Article pour l’Hebdo des Socialistes : Où va le monde?
Si tous les Américains sont préoccupés par la guerre en Irak, ils semblent avoir oublié celle en suspens en Afghanistan, car personne ne leur en parle. Ils veulent que les troupes rentrent à la maison, ils préféreraient que l’argent de la guerre serve à la lutte contre le terrorisme sur le sol américain. C’est une distinction récente, preuve que les Américains sortent de leur auto-aveuglement.
Après la défaite électorale de novembre 2006, on aurait pu croire que George W. Bush accepterait de changer de cap. Après tout, son premier geste avait été le renvoi de Donald Rumsfeld. Aujourd’hui encore, il fait mine d’écouter tout le monde avant d’annoncer sa nouvelle stratégie pour l’Irak.
Mais en fait Bush ne change pas. Son rejet quasi immédiat des propositions du rapport Baker le montre. Il croit toujours à sa mission de re-modélisation du Moyen-Orient dans la bataille du Bien contre le Mal. Karl Rove a même évoqué le retour de la conscription pour reconstruire une armée exsangue. Bush vient de remplacer des responsables du renseignement et de l’armée pour renforcer sa ligne stratégique.
Il a trouvé un soutien inattendu chez son frère ennemi John McCain, qui veut lui aussi envoyer plus de troupes en Irak.
Ces mesures seront cependant très probablement rejetées par le Congrès à majorité démocrate.
Même au sein du parti républicain, une majorité pense que la guerre en Irak est n’est plus gagnable selon les termes définis par la maison blanche, qu’il faut maintenant surtout penser à partir en minimisant les dégâts. Les Républicains se détournent de la bulle de la Maison Blanche. Ils préparent déjà les élections de 2008 et ont compris que pour espérer gagner, il leur faut sortir de l’ombre de Bush.

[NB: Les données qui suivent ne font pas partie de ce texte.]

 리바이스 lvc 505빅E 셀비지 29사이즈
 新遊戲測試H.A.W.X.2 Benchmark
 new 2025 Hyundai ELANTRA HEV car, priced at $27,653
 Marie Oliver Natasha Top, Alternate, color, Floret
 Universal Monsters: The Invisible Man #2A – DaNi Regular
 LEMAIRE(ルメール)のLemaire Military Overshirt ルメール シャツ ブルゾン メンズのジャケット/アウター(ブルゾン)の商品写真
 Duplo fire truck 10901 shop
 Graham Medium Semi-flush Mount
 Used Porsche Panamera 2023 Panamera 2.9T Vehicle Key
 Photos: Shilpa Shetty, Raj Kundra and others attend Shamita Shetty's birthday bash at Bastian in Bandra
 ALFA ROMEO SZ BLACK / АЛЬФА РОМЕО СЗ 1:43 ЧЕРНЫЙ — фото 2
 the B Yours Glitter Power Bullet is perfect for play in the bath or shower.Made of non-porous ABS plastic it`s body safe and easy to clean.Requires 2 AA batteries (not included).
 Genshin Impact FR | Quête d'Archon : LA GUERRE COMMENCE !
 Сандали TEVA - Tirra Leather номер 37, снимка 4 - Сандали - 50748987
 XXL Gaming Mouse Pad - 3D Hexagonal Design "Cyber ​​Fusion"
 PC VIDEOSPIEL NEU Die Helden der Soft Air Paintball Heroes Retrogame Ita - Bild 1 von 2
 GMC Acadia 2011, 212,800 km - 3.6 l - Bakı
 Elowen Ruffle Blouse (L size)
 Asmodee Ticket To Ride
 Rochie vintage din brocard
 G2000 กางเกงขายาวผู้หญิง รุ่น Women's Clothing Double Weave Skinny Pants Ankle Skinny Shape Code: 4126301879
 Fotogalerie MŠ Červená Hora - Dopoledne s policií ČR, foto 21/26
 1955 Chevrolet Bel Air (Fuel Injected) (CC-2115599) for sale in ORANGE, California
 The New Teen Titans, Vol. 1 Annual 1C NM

Les Américains ont en effet donné une raclée électorale à Bush, bien plus qu’ils ont donné une victoire aux Démocrates. Ces derniers le savent, et Howard Dean n’a pas caché que leur arme de campagne la plus efficace était la propagande anti-Bush sur l’Irak, sur l’incompétence dans la gestion de crise comme pour l’ouragan Katrina. Les scandales de moeurs et de drogue chez des élus et évangélistes républicains ont aussi joué un rôle important dans la discréditation des postures morales de l’ère Bush Jr.
Les Démocrates ont d’ailleurs été surpris par l’ampleur de leur victoire. Il suffit de voir leurs cafouillages initiaux pour comprendre qu’ils ont fait une campagne en contre, sans vrai projet unifié. Ils doivent maintenant se mettre en ordre de marche sous la houlette de leurs multiples leaders : Nancy Pelosi et Harry Reid à la tête de la Chambre et du Sénat, et les prétendants à la présidence pour 2008, comme Hillary Clinton ou Barak Obama.
La cohabitation avec les Républicains sera âpre. La majorité démocrate au Sénat est fragile : un seul siège d’avance, tenu par un sénateur actuellement dans le coma, et dont le remplaçant, nommé par le gouverneur, serait vraisemblablement un républicain. Sa mort pourrait encore changer complètement la donne politique aux Etats-Unis.